Mitchells & Butlers is playing for high stakes in its bid for the rival Scottish & Newcastle Retail estate, according to investment bank...

Mitchells & Butlers is playing for high stakes in its bid for the rival Scottish & Newcastle Retail estate, according to investment bank WestLB Panmure.

The price of failure would almost certainly be M&B becoming a takeover candidate itself, warns WestLB analyst Douglas Jack.

"If S&N falls to a private equity buyer, the next logical step for the buyer would be to start looking for acquisitions to achieve economies of scale," said Mr Jack. "In that scenario, Mitchells & Butler is the most obvious target."

M&B is one of around eight potential bidders for the S&N Retail estate reported to be going forward to the due diligence stage of the auction. It is up against trade rivals including Laurel and Pubmaster, as well as a number of private equity bidder including Texas Pacific, which is working with Spirit Group, and a consortium comprising CVC and Cinven.

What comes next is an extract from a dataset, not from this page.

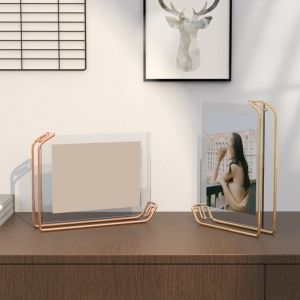 NCUMBE แบบสองด้าน ขาตั้งกรอบรูปภาพ โลหะสำหรับตกแต่ง สร้างสรรค์และสร้างสรรค์ อัลบั้มรูปภาพ ตกแต่งเดสก์ท็อป ปรับแต่งได้เอง กรอบการแสดงผล DIY ช้อป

If M&B fails to acquire its rival, it has plans to securitise the estate and return around £400m to shareholders, However, Mr Jack said that selling the 'family silver' in terms of the freeholds of its pubs would leave its trading even more vulnerable to the up and downs of consumer demand.

He added that there are still question marks over M&B's plans for the S&N estate. "The key problem for us is that M&B's management has yet to prove that it can deliver shareholder value from the existing business, let alone integrate an acquisition the size of S&NR. However, there seems to be little else management can do to re-rate the stock."